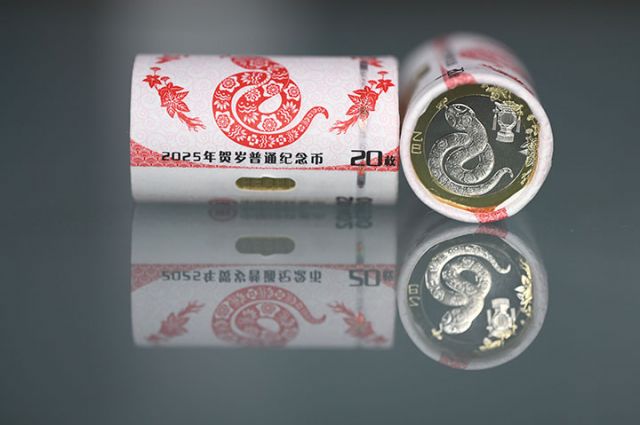 图1.jpg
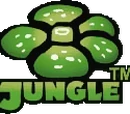Jungle (TCG)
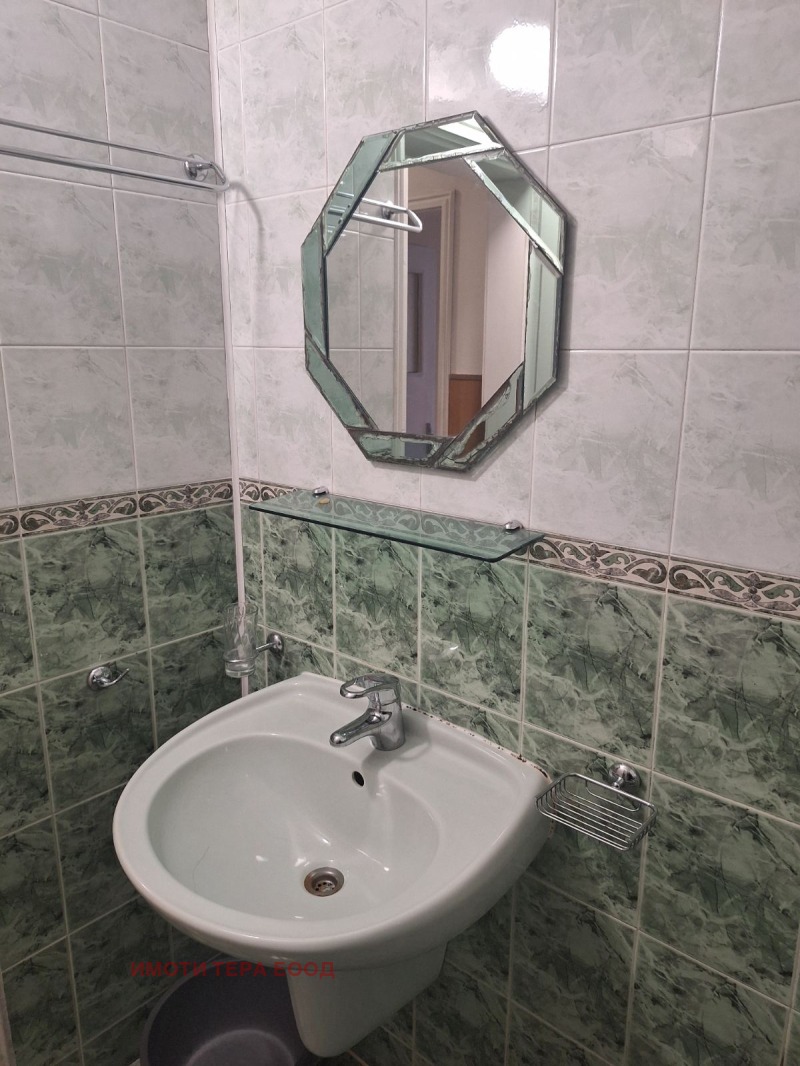 For Rent  3 bedroom Varna , Tsentralna poshta , 85 sq.m | 99904170 - image [11]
—————
PROBLEM REQUIREMENTS
Once the pictures are set aside, what is needed is the lines from the line with "Jungle (TCG)" through the end of the data, written out exactly and alone.

ANSWER TO THIS EXERCISE
Jungle (TCG)
 For Rent  3 bedroom Varna , Tsentralna poshta , 85 sq.m | 99904170 - image [11]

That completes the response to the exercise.